Attorneys and Law Firms

Negin Roberts, Begum Law Group, Daniel J.T. Sciano, Tinsman & Sciano, San Antonio, TX, Alexander Begum, Brownsville, TX, for Plaintiffs.

Neely Fortinberry, Pro Hac Vice, Wilson Elser Moskowitz Edelman & Dicker, LLP, Alexander George Blue, Efrain Forte, III, Dallas, TX, Richard William Espey, Espey & Associates, PC, San Antonio, TX for Defendants.

REPORT AND RECOMMENDATION OF THE UNITED STATES MAGISTRATE JUDGE

SUSAN HIGHTOWER, UNITED STATES MAGISTRATE JUDGE

*1 TO: THE HONORABLE DISTRICT COURT

Now before the Court are Claimants’ Joint Emergency Motion for Remand, filed January 13, 2024 (Dkt. 11); Defendant Nickel Rock, LLC’s Response, filed January 19, 2024 (Dkt. 13); and Claimants’ Joint Reply, filed January 26, 2024 (Dkt. 18).1 No Defendant other than Nickel Rock has filed a response to the Motion for Remand, which is ripe for consideration.

I. Background

On July 8, 2022, Plaintiffs Christian Golibart and Brooklyn Michelle filed this wrongful death action in the 428th District Court in Hays County, Texas against Defendants Complete Oilfield Services, LLC; Christopher Carman; Nickel Rock, LLC; Horlando Urquidi; O&S Trucking, LLC; Endeavor Energy Resources, LP; Yvette Ochoa; Zackory Ochoa; and Martin Ochoa. Dkt. 3-1 at 1-24. Intervenors Tifini Furst and Gayle Havel Blum filed their Original Petition in Intervention on September 1, 2022, adding claims against Defendants Devonian Services, LLC, and Endeavor Petroleum, LLC. Dkt. 3-1 at 70-118. Plaintiffs and Intervenors amended their petitions on December 8, 2023; their live pleadings are Plaintiffs’ Second Amended Petition and Intervenors’ First Amended Petition in Intervention. Dkt. 3-3 at 788-906.

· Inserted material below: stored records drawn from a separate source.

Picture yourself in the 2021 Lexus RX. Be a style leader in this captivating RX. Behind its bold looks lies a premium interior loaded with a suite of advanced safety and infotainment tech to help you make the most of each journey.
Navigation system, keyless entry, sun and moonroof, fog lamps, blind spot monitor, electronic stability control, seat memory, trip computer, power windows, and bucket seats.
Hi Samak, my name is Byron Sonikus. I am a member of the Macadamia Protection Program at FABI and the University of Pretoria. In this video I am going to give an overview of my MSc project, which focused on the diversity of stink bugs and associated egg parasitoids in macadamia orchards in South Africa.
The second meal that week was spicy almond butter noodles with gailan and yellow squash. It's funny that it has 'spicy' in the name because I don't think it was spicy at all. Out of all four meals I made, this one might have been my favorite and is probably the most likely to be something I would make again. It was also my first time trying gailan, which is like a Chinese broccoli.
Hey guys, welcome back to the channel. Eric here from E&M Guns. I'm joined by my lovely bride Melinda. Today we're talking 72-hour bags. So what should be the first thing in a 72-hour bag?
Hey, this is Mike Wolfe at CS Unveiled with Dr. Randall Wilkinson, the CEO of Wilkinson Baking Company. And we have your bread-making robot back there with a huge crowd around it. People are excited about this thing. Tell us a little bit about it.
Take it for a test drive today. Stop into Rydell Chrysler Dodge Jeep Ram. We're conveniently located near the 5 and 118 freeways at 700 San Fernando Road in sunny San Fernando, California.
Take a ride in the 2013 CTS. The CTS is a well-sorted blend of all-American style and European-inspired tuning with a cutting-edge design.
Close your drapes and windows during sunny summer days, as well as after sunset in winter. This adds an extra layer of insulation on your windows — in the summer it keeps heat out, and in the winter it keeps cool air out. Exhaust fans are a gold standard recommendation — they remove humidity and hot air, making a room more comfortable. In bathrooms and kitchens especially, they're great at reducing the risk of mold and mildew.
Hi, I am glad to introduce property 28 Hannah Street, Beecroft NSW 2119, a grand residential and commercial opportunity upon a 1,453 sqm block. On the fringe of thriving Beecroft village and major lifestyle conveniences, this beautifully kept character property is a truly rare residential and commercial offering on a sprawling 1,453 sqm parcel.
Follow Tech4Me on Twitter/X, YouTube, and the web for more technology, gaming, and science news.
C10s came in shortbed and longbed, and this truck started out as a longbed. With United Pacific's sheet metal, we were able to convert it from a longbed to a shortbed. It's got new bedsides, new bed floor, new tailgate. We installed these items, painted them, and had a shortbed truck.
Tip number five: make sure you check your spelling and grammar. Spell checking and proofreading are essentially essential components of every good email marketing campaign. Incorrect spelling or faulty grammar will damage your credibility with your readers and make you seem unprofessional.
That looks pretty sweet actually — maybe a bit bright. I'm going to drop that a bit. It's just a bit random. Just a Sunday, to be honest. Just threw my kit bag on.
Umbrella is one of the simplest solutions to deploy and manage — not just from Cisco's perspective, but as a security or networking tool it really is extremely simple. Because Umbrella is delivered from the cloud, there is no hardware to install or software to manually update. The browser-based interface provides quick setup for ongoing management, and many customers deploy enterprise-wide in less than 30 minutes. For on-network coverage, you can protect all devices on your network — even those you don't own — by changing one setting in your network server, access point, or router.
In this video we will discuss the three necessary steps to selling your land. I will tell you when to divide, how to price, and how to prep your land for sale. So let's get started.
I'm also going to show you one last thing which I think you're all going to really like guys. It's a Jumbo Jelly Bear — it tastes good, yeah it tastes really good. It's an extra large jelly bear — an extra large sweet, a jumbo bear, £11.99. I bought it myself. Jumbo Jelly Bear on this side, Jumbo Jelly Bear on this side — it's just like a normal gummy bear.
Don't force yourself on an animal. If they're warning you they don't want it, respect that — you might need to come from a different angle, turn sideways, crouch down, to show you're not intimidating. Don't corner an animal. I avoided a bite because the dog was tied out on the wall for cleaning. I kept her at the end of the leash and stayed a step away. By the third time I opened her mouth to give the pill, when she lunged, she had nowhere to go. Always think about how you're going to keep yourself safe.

Plaintiffs allege that Carman was driving a commercial tractor-trailer owned by Complete Oilfield Services on June 6, 2022, when he struck and killed Paul Golibart, who had parked his motorcycle on the side of a highway near Tarzan, Texas. Id. at 794-96. Plaintiffs also allege that Carman, who did not have a valid Commercial Driver’s License, fled the scene and failed to stop to render aid, and was arrested for “felony accident involving a personal injury or death.” Id. at 795, 797. Plaintiffs allege that Nickel Rock, a Texas commercial truck carrier and broker, was negligent in failing to use ordinary care in hiring and supervising Carman and Complete Oilfield Services. Id. at 789, 804, 825-27. Intervenors allege similar negligence claims. Id. at 893-95.

Nickel Rock removed the case to this Court on January 5, 2024. Dkt. 1. Nickel Rock asserts that the Court has federal question jurisdiction because Plaintiffs and Intervenors allege negligence claims arising out of Nickel Rock’s services as a licensed freight broker. Id. ¶ 13. Nickel Rock contends that those claims raise a substantial question of federal law and are completely preempted by the Federal Aviation Administration Authorization Act (“FAAAA”). Id. ¶¶ 14-15, 24-25.

II. Legal Standard

*2 Under 28 U.S.C. § 1441(a), a defendant may remove “any civil action brought in a State court of which the district courts of the United States have original jurisdiction.” District courts have original jurisdiction over two types of cases: those arising under federal law, and those in which the amount in controversy exceeds $75,000 and there is diversity of citizenship among the parties. 28 U.S.C. §§ 1331, 1332(a).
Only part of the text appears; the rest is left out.